El que quiera traductor que se lo pague
Con la aceptación de las lenguas cooficiales en el Congreso no se está empatizando con los nacionalismos periféricos. Se está queriendo acentuar la idea de que Madrid es la capital de un país extranjero
Aunque lo podíamos intuir, tres semanas después de las elecciones nadie duda de que lo peor del 23-J fue hacer protagonista a Carles Puigdemont. Cuando muchos lo veían como un personaje folclórico, un friki de octava página de los periódicos, la famosa aritmética parlamentaria y la debilidad de un presidente voluble le han dado el voto de calidad en este país que aún llamamos España. Su pulgar será el que marque, votación a votación, cómo de lejos llega esta legislatura.
Las votaciones para la Mesa y la investidura son estancas. Por eso las primeras cesiones de Sánchez –«desjudicializar el conflicto», un clásico, promover comisiones de investigación y normalizar el uso de las lenguas cooficiales en el Congreso– no anticipan nada bueno.

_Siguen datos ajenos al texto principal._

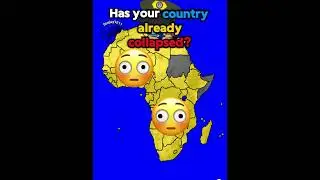 First time making this style of mapping video.  #history #geographythroughmaps #geography #europe #g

Al lado de una ley de amnistía, este último deseo puede parecer un detalle exótico, casi menor, pero es mucho más relevante de lo que parece. Cuando Jordi Pujol exponía su plan para hacerse mayor en una Cataluña independiente, siempre decía lo mismo: ¿qué es lo primero que notas cuando llegas a un país extranjero? Pues que hablan en otro idioma y que los policías visten de manera diferente. Con la aceptación de las lenguas cooficiales en el Congreso no se está haciendo un ejercicio de integración o de solidaridad con los nacionalismos periféricos. Es algo mucho más profundo: se está queriendo acentuar la idea de que Madrid es la capital de un país extranjero.
El argumento para que vayamos a un parlamento con auriculares, en palabras de Rufián y el pelotón ‘progresista’, es que las lenguas cooficiales están reconocidas en la Constitución. Y es verdad, aparecen en la misma Constitución que quieren voltear con amnistías y referéndums sin tener la mayoría necesaria para ello. Pero esta es la España que nos hemos dado en las urnas: un Congreso lleno de diputados que son constitucionalistas de día y sediciosos de noche.
El segundo argumento que nos darán, cuando la logística obligue a contratar traductores, es que no supone tanto dinero y que cualquier desembolso es bienvenido para poner fin a una «anomalía histórica». Es la teoría del chocolate del loro, que tacita a tacita tiene a media España trabajando para la otra media. Por eso, con esto de los pinganillos convendría aplicar la misma doctrina por la que nos quieren poner peajes en las autovías: «quien usa paga». El bilingüismo no consiste en llenar el parlamento de aparatitos, sino en ser capaz de entender al que tienes delante sin necesidad de ellos.
Así que, quien quiera traductor que se lo pague.